RECORDS FOR THIS EXERCISE:
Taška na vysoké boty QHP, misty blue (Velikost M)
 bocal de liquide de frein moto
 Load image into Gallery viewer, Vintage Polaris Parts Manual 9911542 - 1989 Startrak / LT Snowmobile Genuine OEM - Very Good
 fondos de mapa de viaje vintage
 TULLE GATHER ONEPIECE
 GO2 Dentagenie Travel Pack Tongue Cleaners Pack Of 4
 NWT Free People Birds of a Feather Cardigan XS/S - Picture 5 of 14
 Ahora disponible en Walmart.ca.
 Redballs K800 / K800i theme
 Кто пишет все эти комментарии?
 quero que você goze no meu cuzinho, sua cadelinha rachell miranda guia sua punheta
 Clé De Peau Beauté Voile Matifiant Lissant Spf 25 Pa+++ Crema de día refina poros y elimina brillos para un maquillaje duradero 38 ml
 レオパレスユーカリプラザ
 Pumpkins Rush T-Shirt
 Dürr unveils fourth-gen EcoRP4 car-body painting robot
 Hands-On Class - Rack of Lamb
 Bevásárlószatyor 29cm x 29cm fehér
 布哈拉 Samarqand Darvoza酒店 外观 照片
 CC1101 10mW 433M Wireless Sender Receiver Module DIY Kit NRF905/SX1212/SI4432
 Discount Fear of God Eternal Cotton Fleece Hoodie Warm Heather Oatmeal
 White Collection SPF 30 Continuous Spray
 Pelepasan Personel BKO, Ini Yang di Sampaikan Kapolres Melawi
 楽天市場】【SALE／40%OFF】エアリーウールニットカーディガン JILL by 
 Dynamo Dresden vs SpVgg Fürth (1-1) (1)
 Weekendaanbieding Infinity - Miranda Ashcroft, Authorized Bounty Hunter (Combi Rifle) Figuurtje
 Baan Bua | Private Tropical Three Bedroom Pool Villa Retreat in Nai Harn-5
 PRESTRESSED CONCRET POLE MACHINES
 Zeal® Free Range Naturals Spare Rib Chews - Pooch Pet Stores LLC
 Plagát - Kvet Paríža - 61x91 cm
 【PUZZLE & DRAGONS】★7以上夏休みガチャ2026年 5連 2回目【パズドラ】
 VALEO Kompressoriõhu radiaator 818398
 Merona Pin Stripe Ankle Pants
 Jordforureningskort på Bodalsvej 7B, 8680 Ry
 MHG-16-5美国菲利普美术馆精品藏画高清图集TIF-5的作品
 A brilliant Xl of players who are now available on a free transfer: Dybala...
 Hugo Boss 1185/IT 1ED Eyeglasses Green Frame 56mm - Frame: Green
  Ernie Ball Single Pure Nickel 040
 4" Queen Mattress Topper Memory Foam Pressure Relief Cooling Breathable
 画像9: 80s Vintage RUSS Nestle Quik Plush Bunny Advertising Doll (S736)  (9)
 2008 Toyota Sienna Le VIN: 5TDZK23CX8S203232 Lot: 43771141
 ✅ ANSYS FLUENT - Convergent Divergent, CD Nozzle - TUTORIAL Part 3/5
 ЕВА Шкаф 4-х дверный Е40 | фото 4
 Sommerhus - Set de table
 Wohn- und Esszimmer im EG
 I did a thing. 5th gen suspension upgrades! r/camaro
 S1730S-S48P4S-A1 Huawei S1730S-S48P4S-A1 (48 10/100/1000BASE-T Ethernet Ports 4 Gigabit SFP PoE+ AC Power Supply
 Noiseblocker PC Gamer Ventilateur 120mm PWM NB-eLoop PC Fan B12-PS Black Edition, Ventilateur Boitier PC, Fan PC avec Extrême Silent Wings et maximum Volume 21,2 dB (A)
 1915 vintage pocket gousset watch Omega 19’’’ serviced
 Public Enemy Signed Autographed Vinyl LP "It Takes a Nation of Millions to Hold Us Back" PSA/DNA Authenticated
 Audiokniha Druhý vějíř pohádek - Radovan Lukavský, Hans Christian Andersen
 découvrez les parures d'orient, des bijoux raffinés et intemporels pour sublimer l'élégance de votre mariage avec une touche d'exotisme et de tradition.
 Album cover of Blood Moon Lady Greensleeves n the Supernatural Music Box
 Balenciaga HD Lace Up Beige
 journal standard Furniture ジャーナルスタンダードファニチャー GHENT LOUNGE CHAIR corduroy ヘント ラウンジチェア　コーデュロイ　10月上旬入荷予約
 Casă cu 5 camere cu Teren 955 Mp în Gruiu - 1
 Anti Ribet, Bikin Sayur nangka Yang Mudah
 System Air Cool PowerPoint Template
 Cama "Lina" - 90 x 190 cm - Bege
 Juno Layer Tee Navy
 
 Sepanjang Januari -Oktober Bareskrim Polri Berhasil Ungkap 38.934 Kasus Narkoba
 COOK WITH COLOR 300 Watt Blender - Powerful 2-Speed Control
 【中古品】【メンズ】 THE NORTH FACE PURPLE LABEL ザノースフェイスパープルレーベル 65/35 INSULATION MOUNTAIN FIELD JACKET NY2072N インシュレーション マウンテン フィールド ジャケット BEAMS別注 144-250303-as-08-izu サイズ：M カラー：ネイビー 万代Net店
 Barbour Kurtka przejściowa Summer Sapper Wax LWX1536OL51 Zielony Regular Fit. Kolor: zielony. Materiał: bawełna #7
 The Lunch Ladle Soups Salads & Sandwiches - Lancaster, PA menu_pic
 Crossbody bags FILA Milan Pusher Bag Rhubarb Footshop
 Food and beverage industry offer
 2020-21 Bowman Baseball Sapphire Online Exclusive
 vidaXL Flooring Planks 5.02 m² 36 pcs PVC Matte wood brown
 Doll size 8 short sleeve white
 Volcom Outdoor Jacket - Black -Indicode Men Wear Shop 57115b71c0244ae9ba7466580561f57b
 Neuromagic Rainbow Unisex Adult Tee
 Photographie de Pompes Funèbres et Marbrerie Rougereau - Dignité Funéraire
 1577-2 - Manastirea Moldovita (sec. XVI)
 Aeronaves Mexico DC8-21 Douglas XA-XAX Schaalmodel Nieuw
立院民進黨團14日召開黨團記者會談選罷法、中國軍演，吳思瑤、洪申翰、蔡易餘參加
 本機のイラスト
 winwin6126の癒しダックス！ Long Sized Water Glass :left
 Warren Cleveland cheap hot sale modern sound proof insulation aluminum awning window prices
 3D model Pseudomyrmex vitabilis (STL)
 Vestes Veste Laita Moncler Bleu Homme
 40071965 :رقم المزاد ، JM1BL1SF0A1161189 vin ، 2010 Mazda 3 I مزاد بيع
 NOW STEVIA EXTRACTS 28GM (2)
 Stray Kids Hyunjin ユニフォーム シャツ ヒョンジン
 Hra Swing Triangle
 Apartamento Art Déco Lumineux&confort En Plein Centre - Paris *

YOUR TASK: Reproduce all the entries above. Match them exactly.

YOUR RESPONSE:
Taška na vysoké boty QHP, misty blue (Velikost M)
 bocal de liquide de frein moto
 Load image into Gallery viewer, Vintage Polaris Parts Manual 9911542 - 1989 Startrak / LT Snowmobile Genuine OEM - Very Good
 fondos de mapa de viaje vintage
 TULLE GATHER ONEPIECE
 GO2 Dentagenie Travel Pack Tongue Cleaners Pack Of 4
 NWT Free People Birds of a Feather Cardigan XS/S - Picture 5 of 14
 Ahora disponible en Walmart.ca.
 Redballs K800 / K800i theme
 Кто пишет все эти комментарии?
 quero que você goze no meu cuzinho, sua cadelinha rachell miranda guia sua punheta
 Clé De Peau Beauté Voile Matifiant Lissant Spf 25 Pa+++ Crema de día refina poros y elimina brillos para un maquillaje duradero 38 ml
 レオパレスユーカリプラザ
 Pumpkins Rush T-Shirt
 Dürr unveils fourth-gen EcoRP4 car-body painting robot
 Hands-On Class - Rack of Lamb
 Bevásárlószatyor 29cm x 29cm fehér
 布哈拉 Samarqand Darvoza酒店 外观 照片
 CC1101 10mW 433M Wireless Sender Receiver Module DIY Kit NRF905/SX1212/SI4432
 Discount Fear of God Eternal Cotton Fleece Hoodie Warm Heather Oatmeal
 White Collection SPF 30 Continuous Spray
 Pelepasan Personel BKO, Ini Yang di Sampaikan Kapolres Melawi
 楽天市場】【SALE／40%OFF】エアリーウールニットカーディガン JILL by 
 Dynamo Dresden vs SpVgg Fürth (1-1) (1)
 Weekendaanbieding Infinity - Miranda Ashcroft, Authorized Bounty Hunter (Combi Rifle) Figuurtje
 Baan Bua | Private Tropical Three Bedroom Pool Villa Retreat in Nai Harn-5
 PRESTRESSED CONCRET POLE MACHINES
 Zeal® Free Range Naturals Spare Rib Chews - Pooch Pet Stores LLC
 Plagát - Kvet Paríža - 61x91 cm
 【PUZZLE & DRAGONS】★7以上夏休みガチャ2026年 5連 2回目【パズドラ】
 VALEO Kompressoriõhu radiaator 818398
 Merona Pin Stripe Ankle Pants
 Jordforureningskort på Bodalsvej 7B, 8680 Ry
 MHG-16-5美国菲利普美术馆精品藏画高清图集TIF-5的作品
 A brilliant Xl of players who are now available on a free transfer: Dybala...
 Hugo Boss 1185/IT 1ED Eyeglasses Green Frame 56mm - Frame: Green
  Ernie Ball Single Pure Nickel 040
 4" Queen Mattress Topper Memory Foam Pressure Relief Cooling Breathable
 画像9: 80s Vintage RUSS Nestle Quik Plush Bunny Advertising Doll (S736)  (9)
 2008 Toyota Sienna Le VIN: 5TDZK23CX8S203232 Lot: 43771141
 ✅ ANSYS FLUENT - Convergent Divergent, CD Nozzle - TUTORIAL Part 3/5
 ЕВА Шкаф 4-х дверный Е40 | фото 4
 Sommerhus - Set de table
 Wohn- und Esszimmer im EG
 I did a thing. 5th gen suspension upgrades! r/camaro
 S1730S-S48P4S-A1 Huawei S1730S-S48P4S-A1 (48 10/100/1000BASE-T Ethernet Ports 4 Gigabit SFP PoE+ AC Power Supply
 Noiseblocker PC Gamer Ventilateur 120mm PWM NB-eLoop PC Fan B12-PS Black Edition, Ventilateur Boitier PC, Fan PC avec Extrême Silent Wings et maximum Volume 21,2 dB (A)
 1915 vintage pocket gousset watch Omega 19’’’ serviced
 Public Enemy Signed Autographed Vinyl LP "It Takes a Nation of Millions to Hold Us Back" PSA/DNA Authenticated
 Audiokniha Druhý vějíř pohádek - Radovan Lukavský, Hans Christian Andersen
 découvrez les parures d'orient, des bijoux raffinés et intemporels pour sublimer l'élégance de votre mariage avec une touche d'exotisme et de tradition.
 Album cover of Blood Moon Lady Greensleeves n the Supernatural Music Box
 Balenciaga HD Lace Up Beige
 journal standard Furniture ジャーナルスタンダードファニチャー GHENT LOUNGE CHAIR corduroy ヘント ラウンジチェア　コーデュロイ　10月上旬入荷予約
 Casă cu 5 camere cu Teren 955 Mp în Gruiu - 1
 Anti Ribet, Bikin Sayur nangka Yang Mudah
 System Air Cool PowerPoint Template
 Cama "Lina" - 90 x 190 cm - Bege
 Juno Layer Tee Navy
 
 Sepanjang Januari -Oktober Bareskrim Polri Berhasil Ungkap 38.934 Kasus Narkoba
 COOK WITH COLOR 300 Watt Blender - Powerful 2-Speed Control
 【中古品】【メンズ】 THE NORTH FACE PURPLE LABEL ザノースフェイスパープルレーベル 65/35 INSULATION MOUNTAIN FIELD JACKET NY2072N インシュレーション マウンテン フィールド ジャケット BEAMS別注 144-250303-as-08-izu サイズ：M カラー：ネイビー 万代Net店
 Barbour Kurtka przejściowa Summer Sapper Wax LWX1536OL51 Zielony Regular Fit. Kolor: zielony. Materiał: bawełna #7
 The Lunch Ladle Soups Salads & Sandwiches - Lancaster, PA menu_pic
 Crossbody bags FILA Milan Pusher Bag Rhubarb Footshop
 Food and beverage industry offer
 2020-21 Bowman Baseball Sapphire Online Exclusive
 vidaXL Flooring Planks 5.02 m² 36 pcs PVC Matte wood brown
 Doll size 8 short sleeve white
 Volcom Outdoor Jacket - Black -Indicode Men Wear Shop 57115b71c0244ae9ba7466580561f57b
 Neuromagic Rainbow Unisex Adult Tee
 Photographie de Pompes Funèbres et Marbrerie Rougereau - Dignité Funéraire
 1577-2 - Manastirea Moldovita (sec. XVI)
 Aeronaves Mexico DC8-21 Douglas XA-XAX Schaalmodel Nieuw
立院民進黨團14日召開黨團記者會談選罷法、中國軍演，吳思瑤、洪申翰、蔡易餘參加
 本機のイラスト
 winwin6126の癒しダックス！ Long Sized Water Glass :left
 Warren Cleveland cheap hot sale modern sound proof insulation aluminum awning window prices
 3D model Pseudomyrmex vitabilis (STL)
 Vestes Veste Laita Moncler Bleu Homme
 40071965 :رقم المزاد ، JM1BL1SF0A1161189 vin ، 2010 Mazda 3 I مزاد بيع
 NOW STEVIA EXTRACTS 28GM (2)
 Stray Kids Hyunjin ユニフォーム シャツ ヒョンジン
 Hra Swing Triangle
 Apartamento Art Déco Lumineux&confort En Plein Centre - Paris *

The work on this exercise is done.